都会でタヌキを見かけた場合、以下の点に注意しましょう。
- 近づかない・触らない
タヌキは可愛らしい見た目をしていますが、感染症を持っている可能性があります。むやみに触るのはやめましょう。 - 餌を与えない
タヌキが人間の食べ物に依存するようになると、自然界での生存能力が低下してしまいます。 - 困った場合は自治体に相談
頻繁にタヌキが現れる、巣穴を見つけた、怪我をしているタヌキを見かけたなどの場合は、自治体や専門機関に相談しましょう。

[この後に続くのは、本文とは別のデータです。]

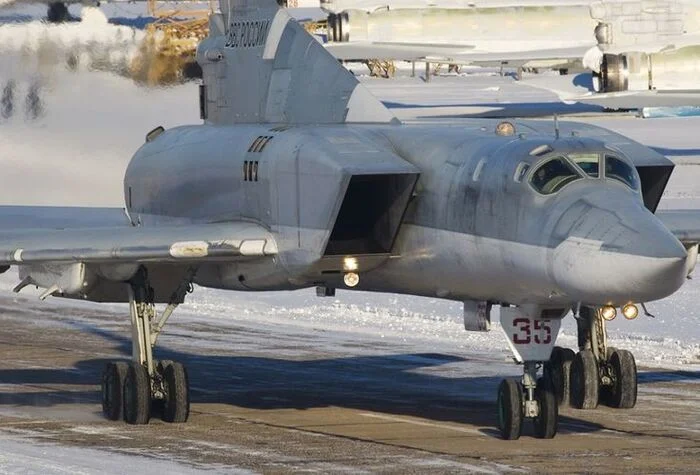 Элегантный и грозный Ту-22М3 в фотографиях⁠⁠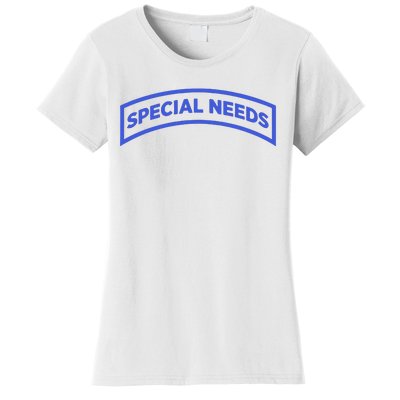 Special Needs Tab Women's T-Shirt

都会のタヌキは、慎重に行動しながら人間の生活と共存しています。私たちも適切な対応を心掛け、タヌキとの良好な関係を築いていきましょう。
まとめ
近年、都会でのタヌキの目撃情報が増えています。研究者と市民が協力するNHKシチズンラボの調査によって、タヌキは人工物を利用しながら生き延びていることが明らかになってきました。
また、タヌキの食生活も自然のものが中心であることが分かりましたが、人間の食べ物に頼ることが増えると生態系に影響を及ぼす可能性があります。
タヌキは、都市部の環境にも適応しながら暮らしている野生動物です。人間ができることは、餌付けをせず、適切な距離を保ち、共存できる環境を整えていくことです。